ACTIVITY
Using the data beneath this instruction, retype only the lines from the one that contains "Zierleiste Hyundai Getz, 2002.08" down to the one that contains "Image 16 of 17 For 9843 River Pines Court", both included, exactly as they appear.

MATERIAL FOR THIS EXERCISE
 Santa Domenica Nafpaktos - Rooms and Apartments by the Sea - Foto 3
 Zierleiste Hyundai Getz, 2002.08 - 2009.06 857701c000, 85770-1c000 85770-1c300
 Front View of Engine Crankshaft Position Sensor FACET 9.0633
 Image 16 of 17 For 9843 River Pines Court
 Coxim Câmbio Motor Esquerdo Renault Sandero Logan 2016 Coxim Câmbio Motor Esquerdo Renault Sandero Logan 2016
---
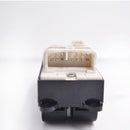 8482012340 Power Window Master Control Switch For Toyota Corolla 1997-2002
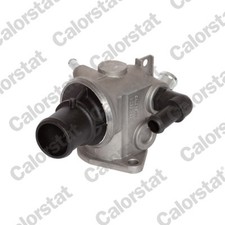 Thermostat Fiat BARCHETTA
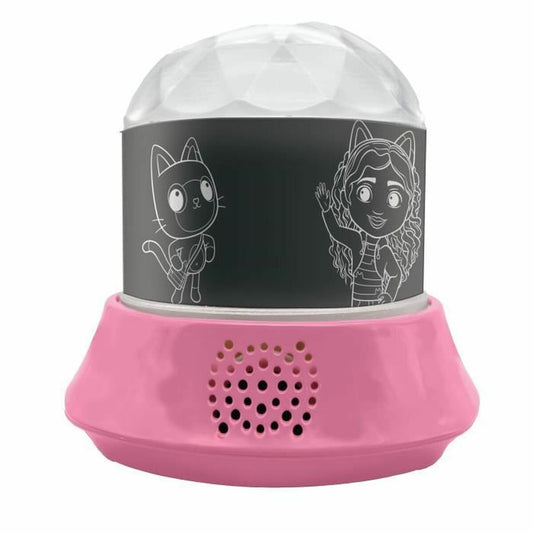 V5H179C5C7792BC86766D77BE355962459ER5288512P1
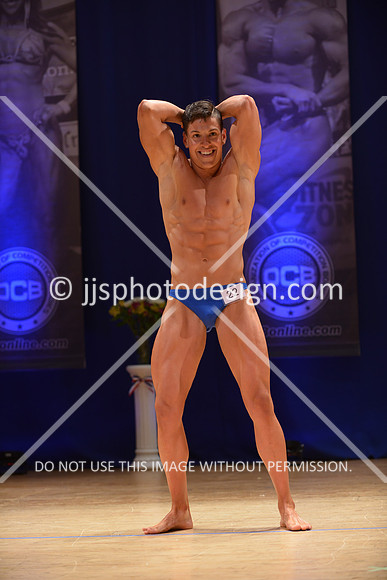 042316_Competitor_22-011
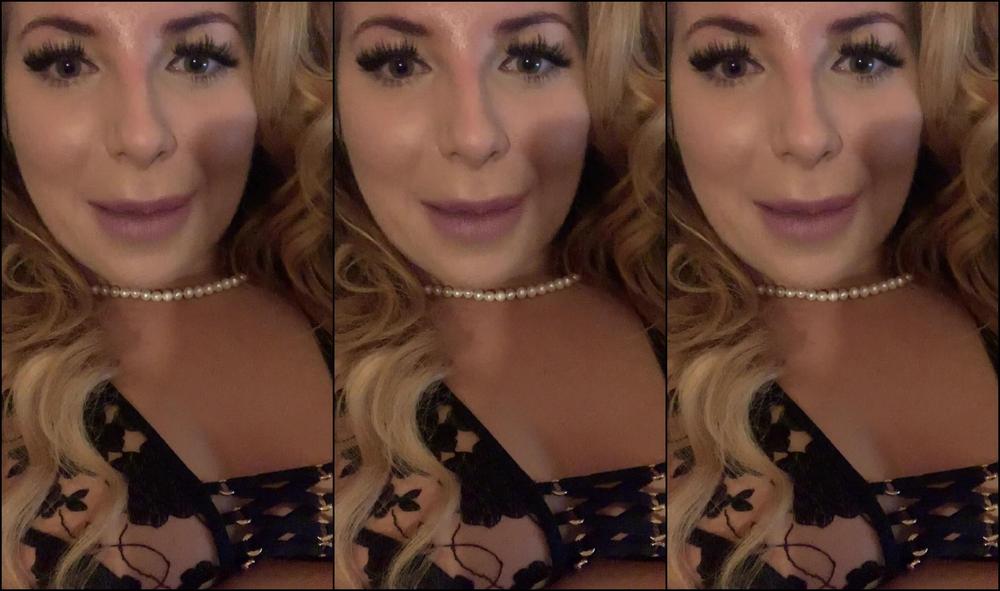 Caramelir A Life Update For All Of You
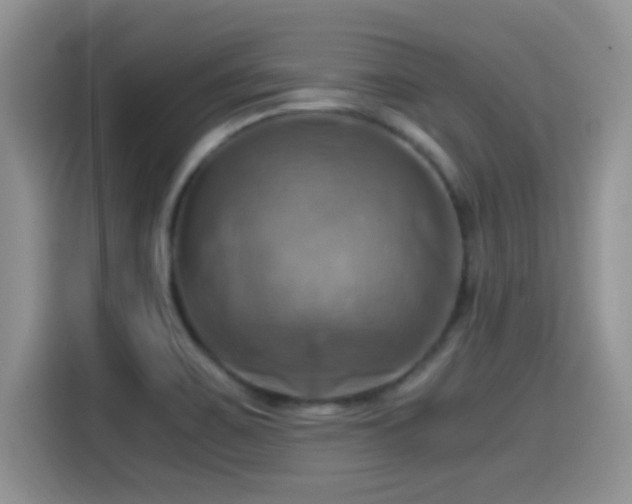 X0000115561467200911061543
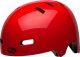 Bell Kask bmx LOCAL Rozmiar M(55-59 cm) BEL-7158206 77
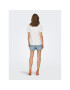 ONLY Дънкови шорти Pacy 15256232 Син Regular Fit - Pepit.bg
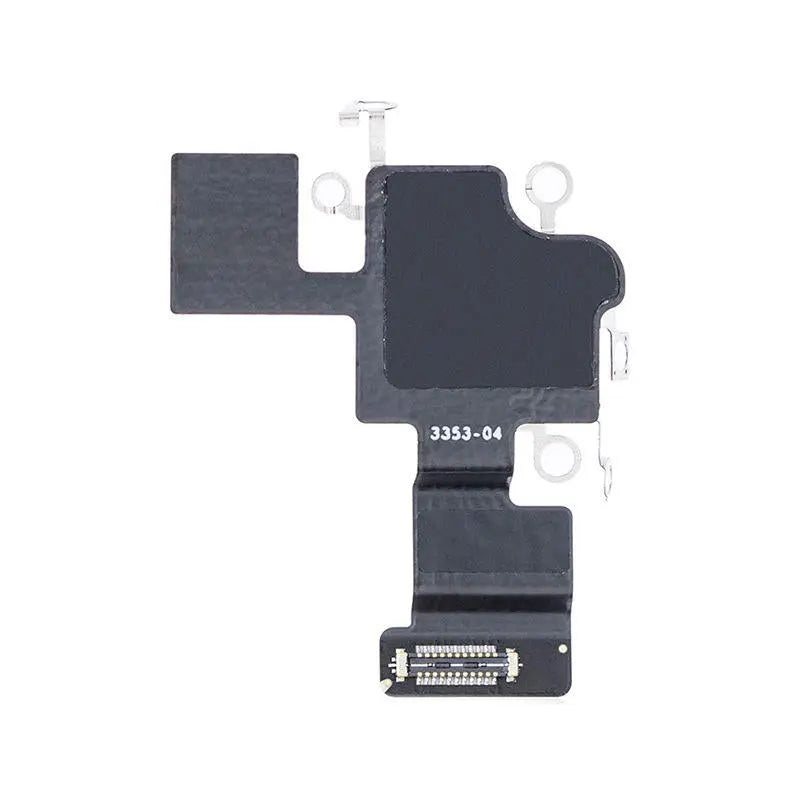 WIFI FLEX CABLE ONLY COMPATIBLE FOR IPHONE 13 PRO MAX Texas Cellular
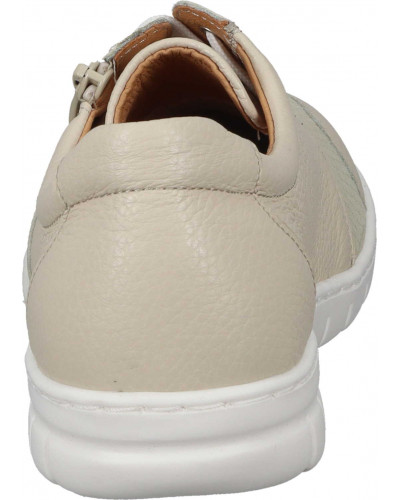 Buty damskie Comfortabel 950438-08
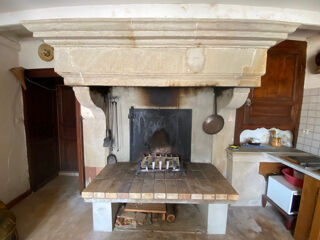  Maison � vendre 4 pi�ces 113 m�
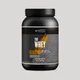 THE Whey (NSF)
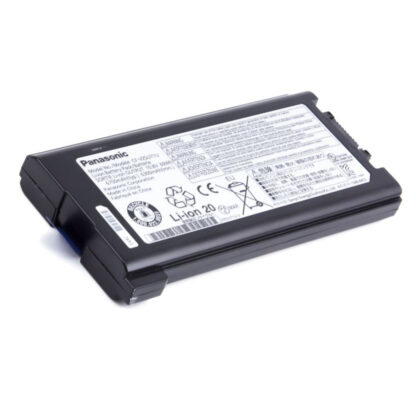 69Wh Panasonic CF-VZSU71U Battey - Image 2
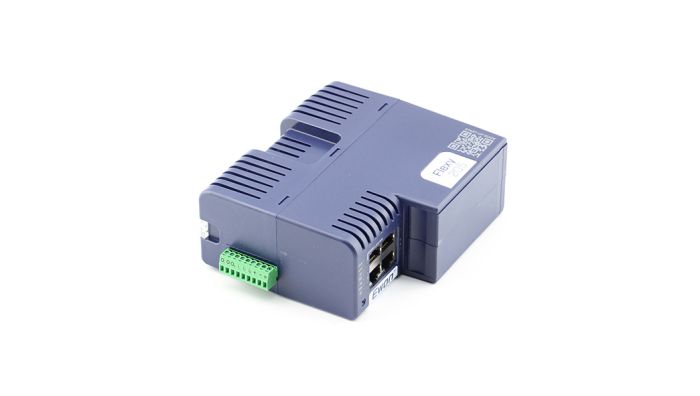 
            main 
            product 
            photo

TASK ANSWER
 Zierleiste Hyundai Getz, 2002.08 - 2009.06 857701c000, 85770-1c000 85770-1c300
 Front View of Engine Crankshaft Position Sensor FACET 9.0633
 Image 16 of 17 For 9843 River Pines Court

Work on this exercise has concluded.